At All Costs: The Consequences of Rising Court Fines and Fees in North Carolina
The United States formally abolished “debtors’ prisons” — the incarceration of people who fail to pay off debts — nearly two centuries ago. But today in North Carolina, thousands of low-income people are in jail, trapped in a cycle of debt, or both, because they cannot afford the unconstitutional fines and fees that courts order them to pay when convicted of any crime, even as minor as a speeding ticket.
The cost and number of fines and fees have skyrocketed across North Carolina in recent years, thanks to a series of legislative changes enacted by the North Carolina General Assembly and the day-to-day decisions of judges who have too often bent to the legislative desire to turn the judiciary to debt collection.
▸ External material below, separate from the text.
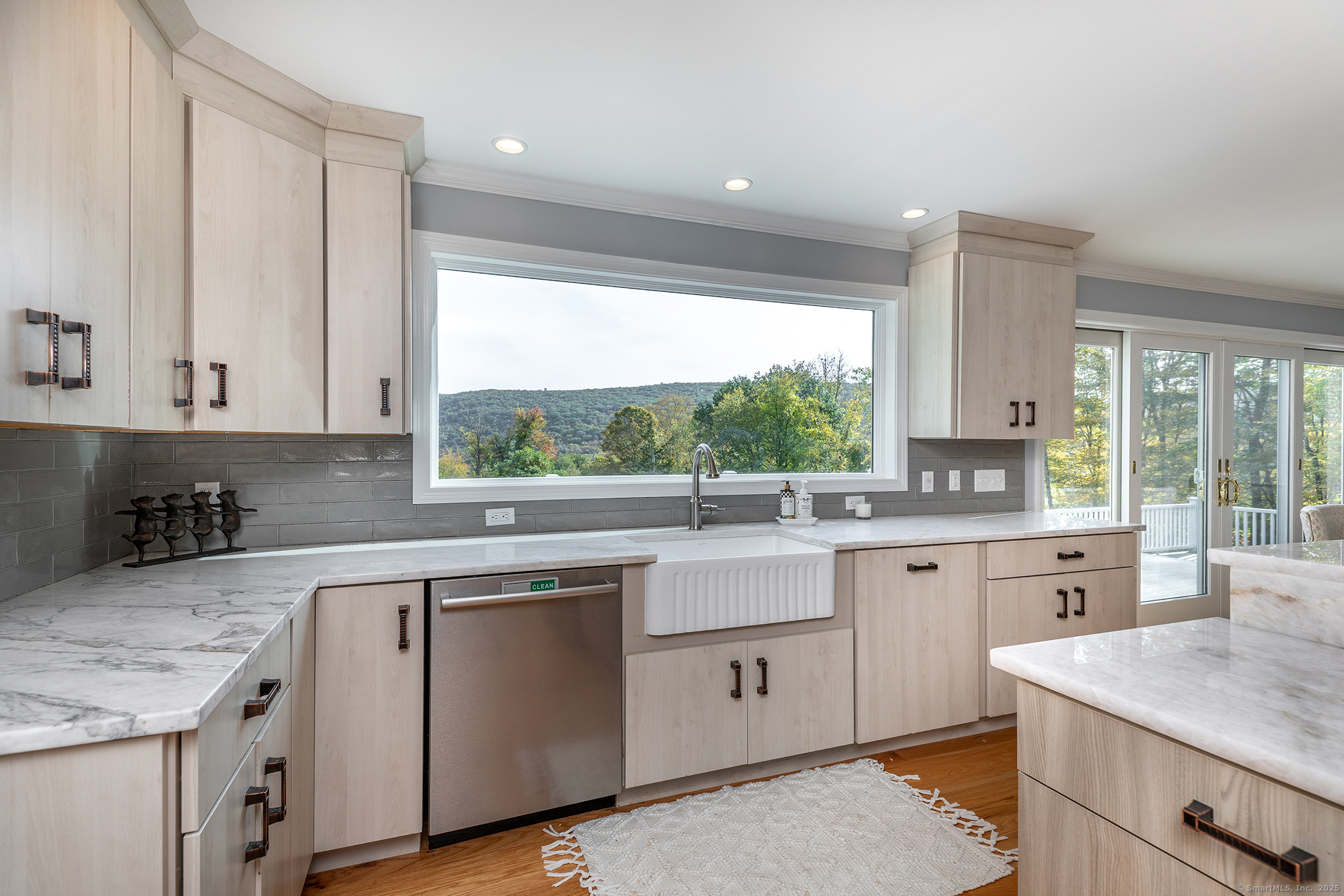 168 Cobble Road Kent, CT 06757 - Photo 4 of 40 a kitchen with a sink stove and cabinets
In courtrooms across the state, there is no consistent standard for when and how fines and fees are imposed, and too many judges do not fulfill their constitutional obligation to inquire about an individual’s financial status before ordering them to pay fines and fees, as required by law. As a result, judges routinely order low-income North Carolinians — a disproportionate number of them people of color — to pay fines and fees that they cannot afford. Failure to pay will result in more fines, fueling a cycle of debt that forces people to forgo the basic necessities of life in order to avoid jail and collateral consequences.
In this racially-skewed, two-tiered system, the rich and the poor can commit the exact same offense, but the poor will receive harsher and longer punishments simply because they are poor. While some actors, from public defenders to state legislators to reform-minded judges, have fought for fairer processes and outcomes, too many North Carolina judges nevertheless routinely violate the rights of low-income people who appear in their courtrooms.
This report examines the history of those court costs, how North Carolina has sought to turn the judiciary from its role as a neutral arbiter of justice toward service as a state debt collector, and how the resulting unjust system criminalizes poverty, violates people’s rights, and preys on many of our state’s most vulnerable residents.